**Source material:**
● ● ●

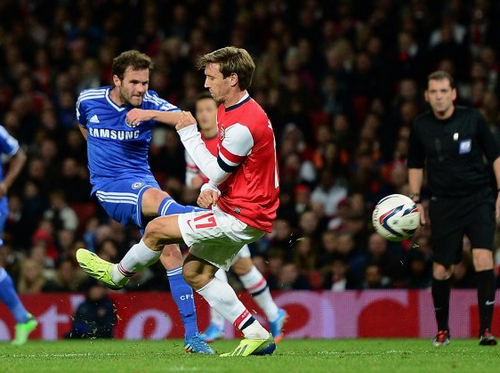 Arsenal 0-2 Chelsea: Mourinho nối dài chuỗi trận bất bại trước Arsene Wenger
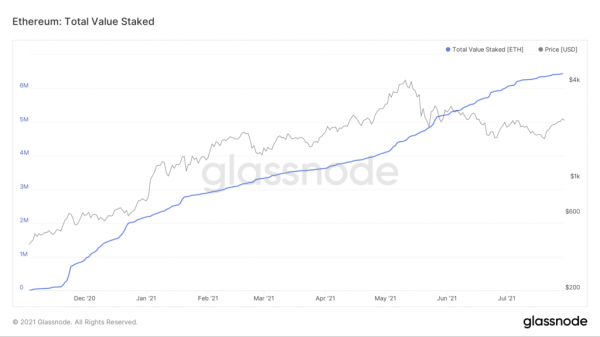 Сеть Ethereum обработала транзакции на $3,6 трлн за шесть лет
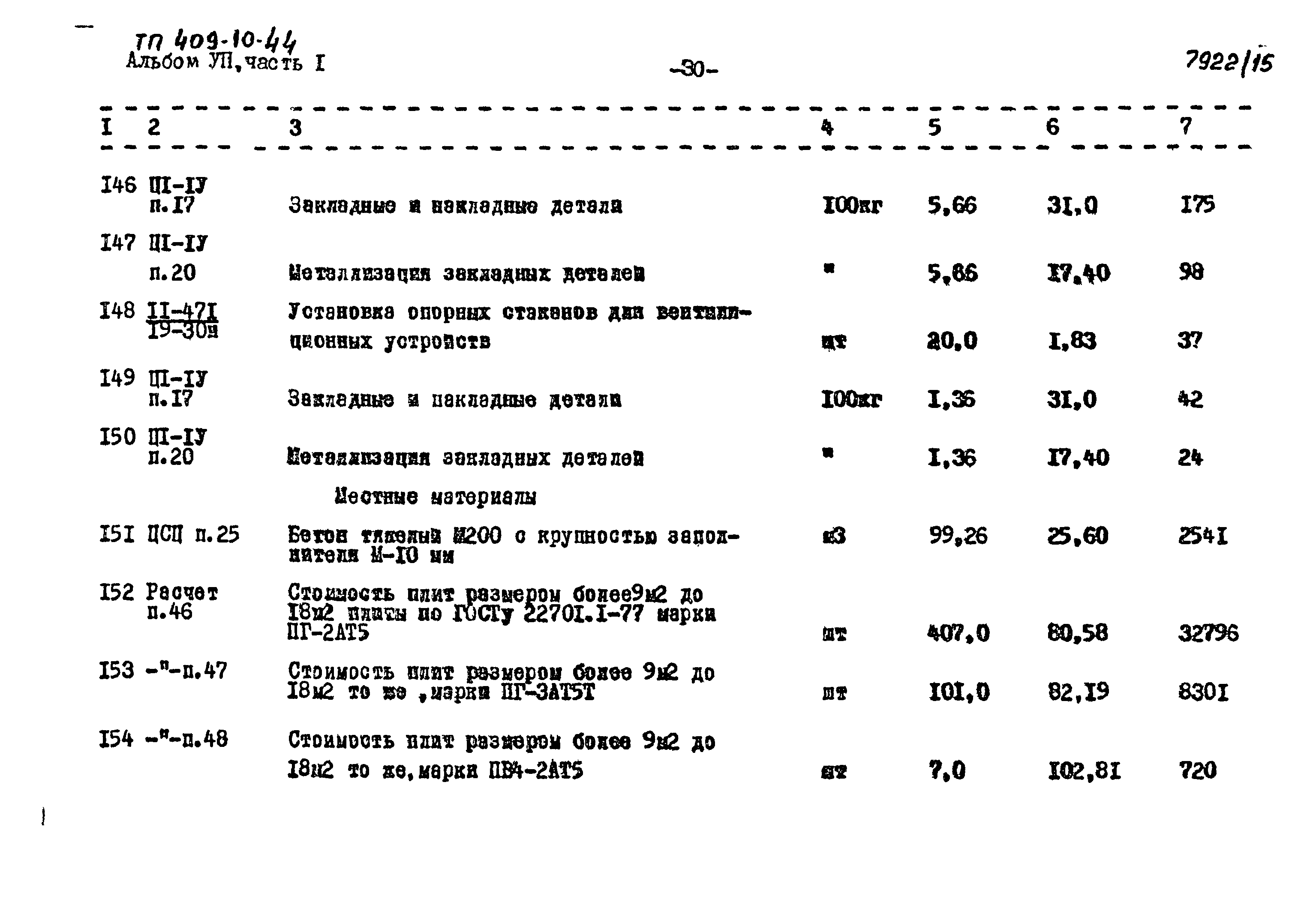 Типовой проект 409-10-44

● ● ●

**Assignment:** Exactly the lines from the one containing "Сеть Ethereum обработала" through the end of the data above: repeat those, both ends included, and nothing else. Skip the pictures.

**Answer section:**
 Сеть Ethereum обработала транзакции на $3,6 трлн за шесть лет
 Типовой проект 409-10-44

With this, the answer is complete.